The Attkisson angle

Sharyl Attkisson’s new book about her career as an investigative reporter at CBS News in the Age of Obama — Stonewalled: My Fight for Truth Against the Forces of Obstruction, Intimidation, and Harassment in Obama’s Washington — won’t be published officially until November 4. Kyle Smith provides a preview here in the New York Post.

Here is Smith’s account of the Attkisson angle intersecting with the Ingraham angle:

Attkisson, who received an Emmy and the Edward R. Murrow award for her trailblazing work on the story, says she made top CBS brass “incensed” when she appeared on Laura Ingraham’s radio show and mentioned that Obama administration officials called her up to literally scream at her while she was working the story.

One angry CBS exec called to tell Attkisson that Ingraham is “extremely, extremely far right” and that Attkisson shouldn’t appear on her show anymore.
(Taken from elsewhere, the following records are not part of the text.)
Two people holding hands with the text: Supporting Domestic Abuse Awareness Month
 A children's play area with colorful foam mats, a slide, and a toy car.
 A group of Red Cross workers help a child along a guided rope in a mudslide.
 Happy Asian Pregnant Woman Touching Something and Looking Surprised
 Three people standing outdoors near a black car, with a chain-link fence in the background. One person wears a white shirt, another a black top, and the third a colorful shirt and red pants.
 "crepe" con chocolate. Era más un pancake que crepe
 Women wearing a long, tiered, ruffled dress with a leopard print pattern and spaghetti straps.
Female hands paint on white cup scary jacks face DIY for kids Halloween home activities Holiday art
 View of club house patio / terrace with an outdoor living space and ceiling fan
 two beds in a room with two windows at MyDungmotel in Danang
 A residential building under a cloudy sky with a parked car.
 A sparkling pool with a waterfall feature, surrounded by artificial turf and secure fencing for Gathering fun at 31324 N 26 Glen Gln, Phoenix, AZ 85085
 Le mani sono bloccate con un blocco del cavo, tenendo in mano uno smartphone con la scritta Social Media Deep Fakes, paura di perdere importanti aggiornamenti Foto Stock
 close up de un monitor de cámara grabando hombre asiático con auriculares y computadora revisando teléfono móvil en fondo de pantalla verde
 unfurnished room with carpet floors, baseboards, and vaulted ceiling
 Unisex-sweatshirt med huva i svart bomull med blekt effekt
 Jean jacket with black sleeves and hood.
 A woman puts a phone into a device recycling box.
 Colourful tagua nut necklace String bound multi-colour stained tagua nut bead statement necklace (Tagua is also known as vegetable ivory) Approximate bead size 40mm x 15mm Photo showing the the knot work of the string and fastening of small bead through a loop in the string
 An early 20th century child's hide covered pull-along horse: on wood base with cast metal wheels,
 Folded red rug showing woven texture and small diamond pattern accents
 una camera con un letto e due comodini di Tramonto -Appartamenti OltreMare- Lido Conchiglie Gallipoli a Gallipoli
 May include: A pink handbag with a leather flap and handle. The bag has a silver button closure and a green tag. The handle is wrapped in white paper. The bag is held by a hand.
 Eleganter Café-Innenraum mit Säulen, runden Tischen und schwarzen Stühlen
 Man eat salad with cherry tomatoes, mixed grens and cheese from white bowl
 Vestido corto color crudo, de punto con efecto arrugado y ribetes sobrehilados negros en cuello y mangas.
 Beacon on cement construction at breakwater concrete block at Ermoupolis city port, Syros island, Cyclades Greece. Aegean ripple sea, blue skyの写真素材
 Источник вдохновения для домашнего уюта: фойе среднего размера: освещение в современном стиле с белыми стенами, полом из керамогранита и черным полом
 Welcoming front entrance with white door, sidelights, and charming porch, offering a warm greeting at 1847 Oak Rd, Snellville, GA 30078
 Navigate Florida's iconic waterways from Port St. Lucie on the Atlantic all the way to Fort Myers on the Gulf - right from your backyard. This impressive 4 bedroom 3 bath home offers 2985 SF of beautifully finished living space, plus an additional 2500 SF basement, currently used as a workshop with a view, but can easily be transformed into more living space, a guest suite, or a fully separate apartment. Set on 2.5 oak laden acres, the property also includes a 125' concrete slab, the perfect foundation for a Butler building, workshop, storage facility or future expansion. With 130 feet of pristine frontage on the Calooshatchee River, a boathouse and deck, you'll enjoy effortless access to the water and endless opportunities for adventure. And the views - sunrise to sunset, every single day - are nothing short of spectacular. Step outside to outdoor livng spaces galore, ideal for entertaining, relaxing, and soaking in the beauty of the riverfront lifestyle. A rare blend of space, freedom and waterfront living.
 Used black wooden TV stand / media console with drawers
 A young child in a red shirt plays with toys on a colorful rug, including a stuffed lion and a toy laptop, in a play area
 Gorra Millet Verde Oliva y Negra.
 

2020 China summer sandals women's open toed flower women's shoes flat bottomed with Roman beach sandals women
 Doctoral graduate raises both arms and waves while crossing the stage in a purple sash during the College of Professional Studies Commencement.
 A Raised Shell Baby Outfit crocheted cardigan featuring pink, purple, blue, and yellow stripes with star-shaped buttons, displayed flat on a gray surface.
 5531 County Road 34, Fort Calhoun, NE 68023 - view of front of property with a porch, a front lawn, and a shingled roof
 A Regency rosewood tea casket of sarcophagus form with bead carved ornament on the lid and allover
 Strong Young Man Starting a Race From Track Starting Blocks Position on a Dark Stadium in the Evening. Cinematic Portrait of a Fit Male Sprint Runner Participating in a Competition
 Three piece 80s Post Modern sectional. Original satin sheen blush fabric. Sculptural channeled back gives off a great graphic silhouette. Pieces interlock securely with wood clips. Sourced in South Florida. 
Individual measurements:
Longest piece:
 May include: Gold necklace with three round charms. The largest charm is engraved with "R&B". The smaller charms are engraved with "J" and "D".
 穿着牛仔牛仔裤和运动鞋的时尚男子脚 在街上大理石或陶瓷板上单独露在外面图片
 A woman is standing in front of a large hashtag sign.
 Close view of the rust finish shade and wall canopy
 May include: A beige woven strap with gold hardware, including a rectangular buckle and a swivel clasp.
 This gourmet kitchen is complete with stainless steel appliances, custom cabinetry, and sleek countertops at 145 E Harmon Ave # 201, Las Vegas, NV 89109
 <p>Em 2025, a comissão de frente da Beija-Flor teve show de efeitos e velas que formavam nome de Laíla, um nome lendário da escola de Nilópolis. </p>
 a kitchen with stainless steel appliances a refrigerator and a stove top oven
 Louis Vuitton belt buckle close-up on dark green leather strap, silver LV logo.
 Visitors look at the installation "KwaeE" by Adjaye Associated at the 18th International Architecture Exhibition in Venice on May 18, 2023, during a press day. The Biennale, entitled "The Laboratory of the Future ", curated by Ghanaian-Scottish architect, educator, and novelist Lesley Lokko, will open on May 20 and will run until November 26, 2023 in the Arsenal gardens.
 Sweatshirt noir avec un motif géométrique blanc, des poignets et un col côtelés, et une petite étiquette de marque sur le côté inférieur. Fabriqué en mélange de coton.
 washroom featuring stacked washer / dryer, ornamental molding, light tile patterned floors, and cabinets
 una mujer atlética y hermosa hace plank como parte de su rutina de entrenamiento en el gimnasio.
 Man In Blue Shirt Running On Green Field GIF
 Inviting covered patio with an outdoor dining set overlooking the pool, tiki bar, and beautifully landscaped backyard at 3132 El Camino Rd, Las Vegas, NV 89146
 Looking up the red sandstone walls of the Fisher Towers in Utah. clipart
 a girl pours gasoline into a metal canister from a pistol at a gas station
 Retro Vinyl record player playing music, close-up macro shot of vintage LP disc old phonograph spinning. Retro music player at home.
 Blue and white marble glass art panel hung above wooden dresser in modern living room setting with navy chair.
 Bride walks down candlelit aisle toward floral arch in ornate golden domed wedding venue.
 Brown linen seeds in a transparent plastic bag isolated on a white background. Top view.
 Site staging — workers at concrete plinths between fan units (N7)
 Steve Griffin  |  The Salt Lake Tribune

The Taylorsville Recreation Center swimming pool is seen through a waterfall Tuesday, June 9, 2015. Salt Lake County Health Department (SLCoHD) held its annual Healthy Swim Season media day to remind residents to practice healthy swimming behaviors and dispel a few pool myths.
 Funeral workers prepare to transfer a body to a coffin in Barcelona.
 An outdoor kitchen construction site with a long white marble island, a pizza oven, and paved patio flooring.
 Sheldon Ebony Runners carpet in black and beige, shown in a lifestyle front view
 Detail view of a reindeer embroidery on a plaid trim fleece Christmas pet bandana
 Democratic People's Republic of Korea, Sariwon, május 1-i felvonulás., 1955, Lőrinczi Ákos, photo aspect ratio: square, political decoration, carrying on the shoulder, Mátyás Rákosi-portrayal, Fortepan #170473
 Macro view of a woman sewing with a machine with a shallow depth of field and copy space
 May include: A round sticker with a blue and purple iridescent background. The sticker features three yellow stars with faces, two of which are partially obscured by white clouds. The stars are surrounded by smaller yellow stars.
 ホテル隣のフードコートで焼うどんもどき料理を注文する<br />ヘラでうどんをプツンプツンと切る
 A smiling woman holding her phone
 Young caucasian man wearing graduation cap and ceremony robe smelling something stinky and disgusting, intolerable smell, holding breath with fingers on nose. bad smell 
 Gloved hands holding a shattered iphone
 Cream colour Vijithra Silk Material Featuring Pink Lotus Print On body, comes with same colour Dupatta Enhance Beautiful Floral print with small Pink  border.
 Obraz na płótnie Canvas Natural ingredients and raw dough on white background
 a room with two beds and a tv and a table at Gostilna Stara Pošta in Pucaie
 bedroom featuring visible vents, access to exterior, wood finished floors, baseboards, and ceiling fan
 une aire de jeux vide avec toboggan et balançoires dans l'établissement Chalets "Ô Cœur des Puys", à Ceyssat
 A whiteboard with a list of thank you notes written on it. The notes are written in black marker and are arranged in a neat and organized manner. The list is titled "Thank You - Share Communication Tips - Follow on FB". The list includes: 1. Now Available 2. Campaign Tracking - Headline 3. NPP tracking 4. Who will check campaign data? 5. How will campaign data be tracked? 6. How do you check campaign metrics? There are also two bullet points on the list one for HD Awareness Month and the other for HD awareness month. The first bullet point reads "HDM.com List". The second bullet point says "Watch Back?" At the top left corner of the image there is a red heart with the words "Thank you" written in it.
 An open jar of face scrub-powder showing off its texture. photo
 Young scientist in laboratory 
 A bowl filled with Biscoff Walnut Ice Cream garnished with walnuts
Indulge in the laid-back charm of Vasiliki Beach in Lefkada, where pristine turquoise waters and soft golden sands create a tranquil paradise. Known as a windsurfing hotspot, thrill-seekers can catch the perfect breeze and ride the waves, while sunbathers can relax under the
Attkisson was puzzled, noting that CBS reporters aren’t barred from appearing on lefty MSNBC shows.

Here is a glimpse of Attkisson’s exposure to news management in the cooperative style CBS News has worked out with the Obama administration:

She was turning up leads tying the Fast and Furious scandal (which involved so many guns that ATF officials initially worried that a firearm used in the Tucson shooting of Congresswoman Gabrielle Giffords might have been one of them) to an ever-expanding network of cases when she got an e-mail from Katie Couric asking if it was OK for Couric to interview Eric Holder, whom Couric knew socially, about the scandal. Sure, replied Attkisson.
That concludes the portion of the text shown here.